By Steve Persall Times Film Critic
Published June 21, 2007
Review
1408
Grade: C+
Director: Mikael Hafstrom
Cast: John Cusack, Samuel L. Jackson, Mary McCormack, Tony Shalhoub
Screenplay: Matt Greenberg, Scott Alexander, Larry Karaszewski, based on a short story by Stephen King
Rating: PG-13; violence, terror, scary images and profanity
Running time: 94 min.
Stephen King's stories are so filmable that even first drafts can become movies.
King originally imagined 1408 as nothing more than a textbook exercise; he wrote the beginning of it as an example of how to make revisions in his instructional book, On Writing. Eventually he expanded the idea to a novella, lit-speak for something between a long short story and a very short book.
The movie version of 1408 plays like another kind of tutorial, skillfully employing the rudiments of screen terror: isolated confinement, unexplained forces, shocking edits and sonic stings. It feels like the first cut of what could be a scarier film, a sturdy foundation that only minor frights are built upon.
John Cusack is practically a one-man show, spending most of 1408 losing his mind and avoiding things that go bump in the night. The title refers to a hotel room where dozens of people have met untimely deaths. Cusack plays Mike Enslin, a guidebook author who specializes in paranormal places for thrill seekers. Room 1408 at the Dolphin Hotel could fill a book, not just a chapter.
Mike's cynicism about his subjects is briskly defined.

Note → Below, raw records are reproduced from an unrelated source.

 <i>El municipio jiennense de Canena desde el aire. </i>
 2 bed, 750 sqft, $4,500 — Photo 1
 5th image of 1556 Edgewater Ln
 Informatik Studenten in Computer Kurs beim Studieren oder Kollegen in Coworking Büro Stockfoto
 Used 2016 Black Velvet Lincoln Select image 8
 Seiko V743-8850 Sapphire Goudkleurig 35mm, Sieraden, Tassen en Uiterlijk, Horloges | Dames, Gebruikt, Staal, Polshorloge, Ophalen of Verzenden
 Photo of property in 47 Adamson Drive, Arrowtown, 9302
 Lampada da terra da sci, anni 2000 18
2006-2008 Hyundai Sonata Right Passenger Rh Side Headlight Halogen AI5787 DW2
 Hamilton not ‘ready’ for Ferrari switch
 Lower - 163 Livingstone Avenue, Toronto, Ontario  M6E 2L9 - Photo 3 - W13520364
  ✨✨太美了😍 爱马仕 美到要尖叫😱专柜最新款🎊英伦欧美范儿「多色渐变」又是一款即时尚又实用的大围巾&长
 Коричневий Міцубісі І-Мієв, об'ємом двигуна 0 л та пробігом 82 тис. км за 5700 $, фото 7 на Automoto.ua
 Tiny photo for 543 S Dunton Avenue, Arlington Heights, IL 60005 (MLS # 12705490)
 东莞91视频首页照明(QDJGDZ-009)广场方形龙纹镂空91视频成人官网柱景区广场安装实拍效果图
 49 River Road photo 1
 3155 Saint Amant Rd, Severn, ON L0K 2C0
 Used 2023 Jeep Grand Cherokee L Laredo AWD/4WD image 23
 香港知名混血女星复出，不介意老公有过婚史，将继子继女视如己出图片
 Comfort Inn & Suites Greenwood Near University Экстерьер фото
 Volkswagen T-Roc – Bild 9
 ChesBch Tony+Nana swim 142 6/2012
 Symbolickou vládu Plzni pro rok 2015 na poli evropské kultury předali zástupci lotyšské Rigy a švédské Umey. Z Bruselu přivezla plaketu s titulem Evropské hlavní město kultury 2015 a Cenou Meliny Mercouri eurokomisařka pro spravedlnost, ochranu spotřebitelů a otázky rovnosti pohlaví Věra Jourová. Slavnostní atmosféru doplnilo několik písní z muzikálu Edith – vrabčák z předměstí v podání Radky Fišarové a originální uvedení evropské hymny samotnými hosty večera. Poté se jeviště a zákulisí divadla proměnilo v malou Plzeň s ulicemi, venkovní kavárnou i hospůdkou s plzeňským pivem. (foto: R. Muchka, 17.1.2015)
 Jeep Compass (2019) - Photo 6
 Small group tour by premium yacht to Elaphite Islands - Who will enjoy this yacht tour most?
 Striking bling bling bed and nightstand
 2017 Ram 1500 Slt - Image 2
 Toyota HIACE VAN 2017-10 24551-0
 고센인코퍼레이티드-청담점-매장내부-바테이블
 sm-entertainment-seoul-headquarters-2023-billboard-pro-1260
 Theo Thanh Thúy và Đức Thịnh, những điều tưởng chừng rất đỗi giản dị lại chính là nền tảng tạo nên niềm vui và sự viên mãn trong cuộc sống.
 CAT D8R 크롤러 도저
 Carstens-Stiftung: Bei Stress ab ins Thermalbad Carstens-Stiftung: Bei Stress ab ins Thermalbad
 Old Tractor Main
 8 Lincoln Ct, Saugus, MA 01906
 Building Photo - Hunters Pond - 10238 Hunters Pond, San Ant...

All it takes to abruptly shatter his scepticism is a minor injury and a haywire clock radio eerily playing a Carpenters song. "We've only just begun," the song promises. Mikael Hafstrom's movie seldom reaches beyond that starting point.
Through Mike's eyes, we see ghosts and bleeding walls. We hear strange noises. We are reminded that it's not a good idea to crawl through air-conditioning ducts during danger. Like every other tormented author King has written about, personal demons are at the root of whatever is happening to Mike's psyche. Like so many modern fright flicks, it involves a dead child.
However, 1408 has two things going for it: a finely frantic performance by Cusack, who usually won't stoop to such pulpish material, and a sincere respect for classic movie chills instead of the gruesome revulsion so often mistaken for terror these days.
Hafstrom and three screenwriters to adapt a novella? concoct plenty of chances for tension. A crack production team makes them real, if a bit disjointed, like a carnival ride jerking us one way for a shiver and another for a scream.
Some stunts work, and others don't.
Cusack's natural wryness and Samuel L. Jackson's too-brief turn as the hotel manager who knows the score add comic relief even when there's little to gain relief from.
1408 knows the procedures that used to work and half-heartedly tries to make them topical again. But we're too far past naivete for anything approaching sophistication to frighten anybody.